The Office of the Chief Trade Adviser (OCTA) has said that the Australian government announced the changes in a Commonwealth White Paper on plans to develop northern Australia.

The programme helps Australian businesses to employ workers from participating Pacific Islands countries (PICs) when they cannot find enough local labour to satisfy seasonal demand.

The Australian government will expand the SWP to better address seasonal labour shortages in the north.

The paper also recommended that, subject to the conclusion of the Pacific Agreement on Closer Economic Relations (PACER Plus) regional trade agreement, the Australian government would invite additional PICs to join the programme, potentially the Cook Islands, Federated States of Micronesia, Niue, Palau and Marshall Islands.

Also proposed was the expansion of the seasonal worker programmed to cover the broader agriculture industry and the accommodation sector on an ongoing basis and invited the northern Australia tourism industry to suggest proposals to trial the SWP in tourism sectors other than accommodation.

The paper stated,“in recognition of the challenges faced by microstates, the White Paper proposes the establishment of a special multi-year visa to 250 citizens from Kiribati, Nauru and Tuvalu to work in lower skills occupations in selected industries in northern Australia.”

Labour mobility
The OCTA also added that regional labour mobility was one of the key issues in the PACER Plus negotiations.

The Chief Trade Adviser for PICs, Dr Edwini Kessie, said he was encouraged by the unveiling of the White Paper which responded positively to the key negotiating demands of the Pacific Islands countries.

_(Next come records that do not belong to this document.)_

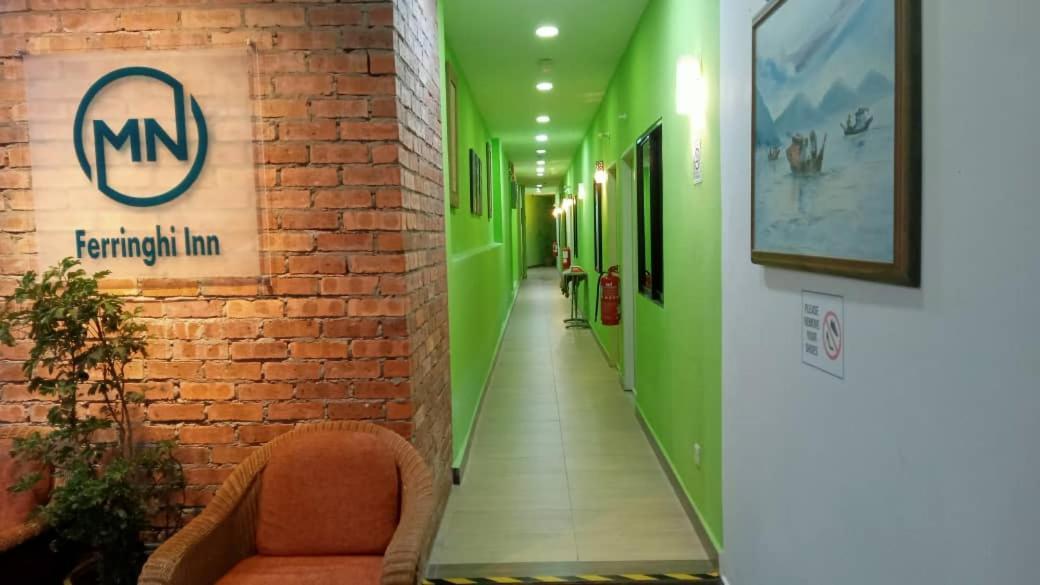 Mn Ferringhi Inn Batu Feringgi Exterior foto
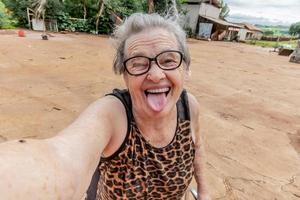 agricultrice âgée prenant un selfie. photo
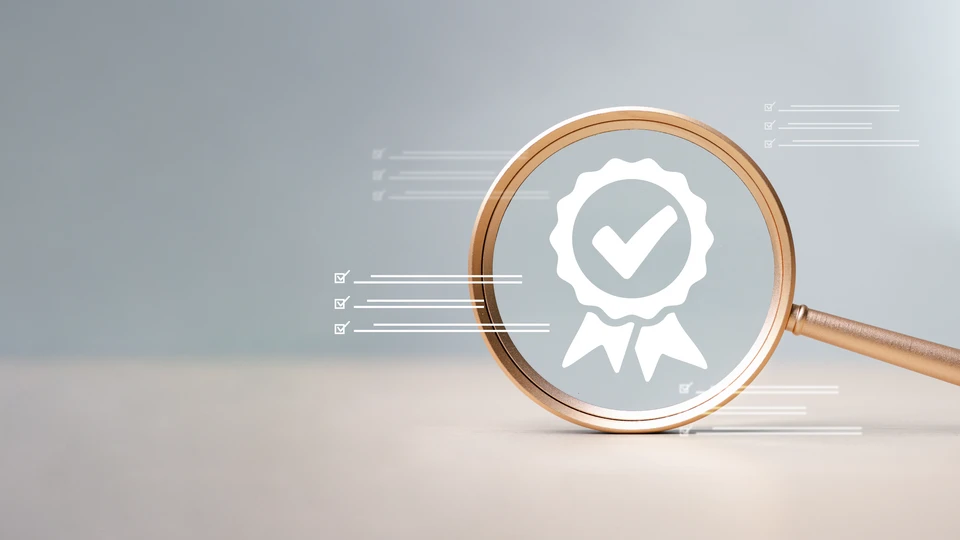 Plombier professionnel en chemise à carreaux installant un système de chauffage par le sol dans un local technique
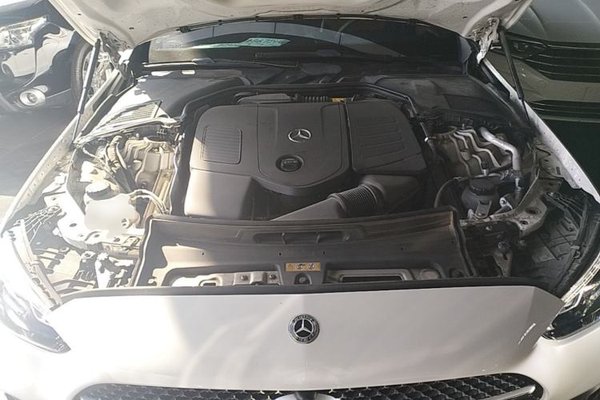 Mercedes-Benz C-Class 2022, 86400 км, за 28110 USD - фото 24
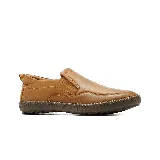Zapato casual de cuero color tostado, modelo slip-on con costuras visibles y suela de goma marrón.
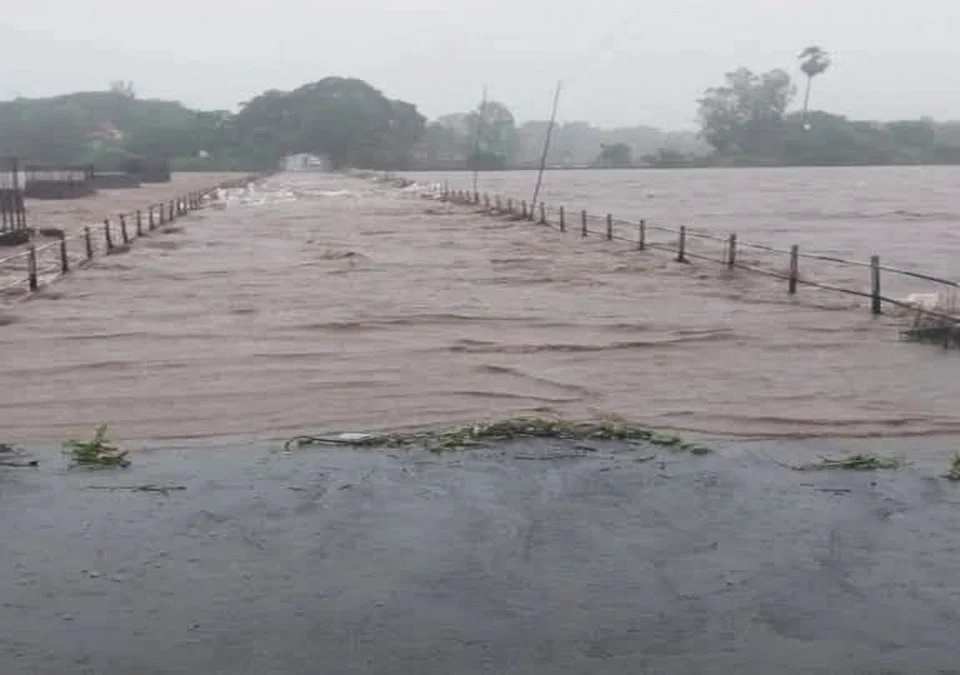 belgaav jilhyatil 16 gave samparkabaher 8 pool panyakhali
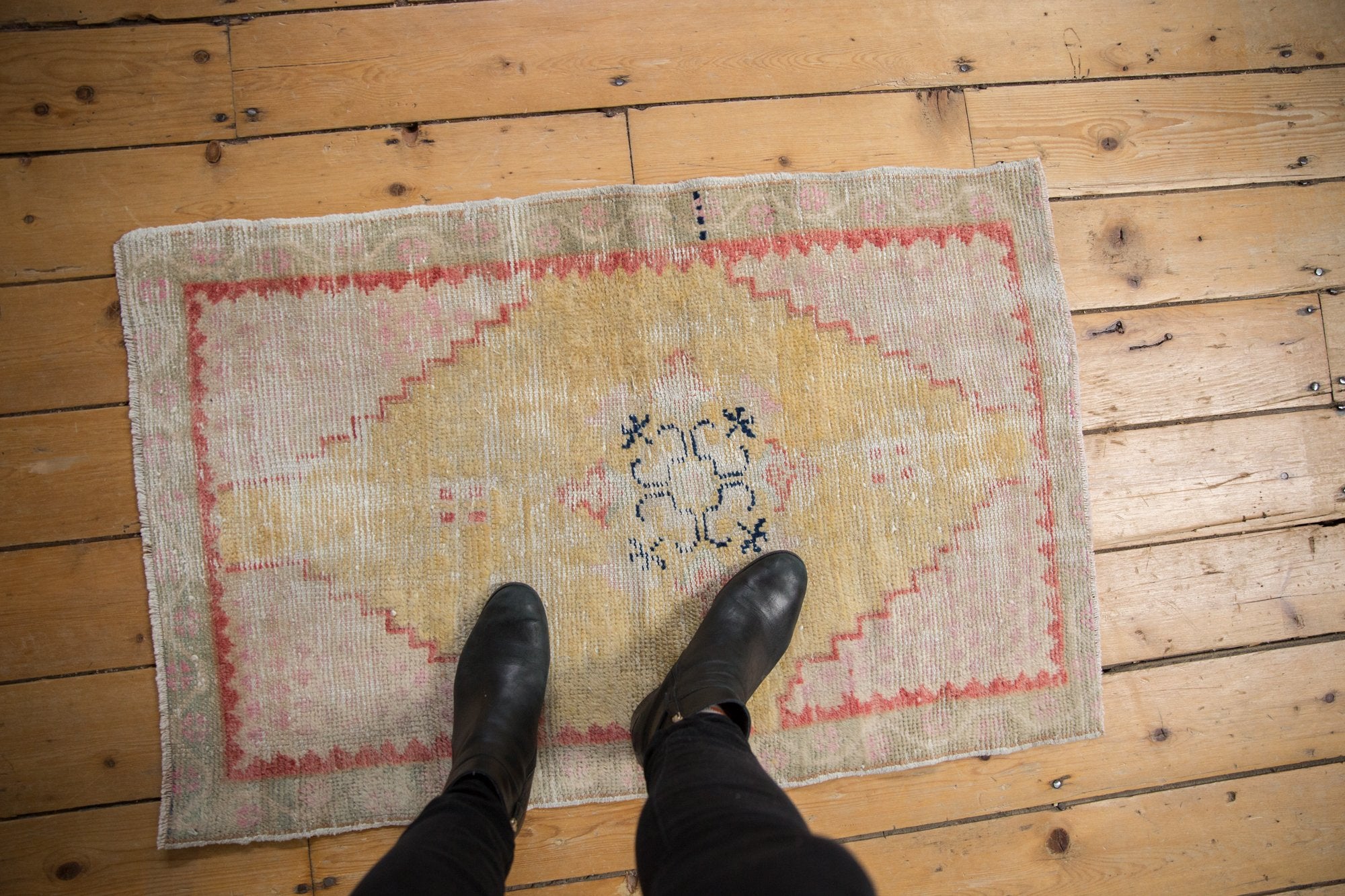 2x3.5 Vintage Distressed Oushak Rug // ONH Item 7866 Image 1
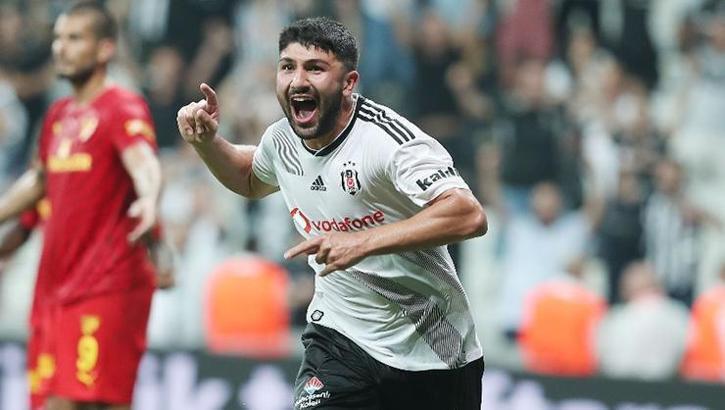 Beşiktaş Güven Yalçın'ı kiralıyor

“The announcement by the Australian government is significant as it underscores the importance of increased labour mobility in the Pacific," he said.

"The greater access to the Australian labour market by workers from the Pacific islands countries will lead to increased remittances and the upgrading of skills of the workers who upon their return can establish businesses which will generate jobs and contribute to the long term economic growth and sustainable development of their countries.”

The parties intend to conclude PACER Plus negotiations by September 2016.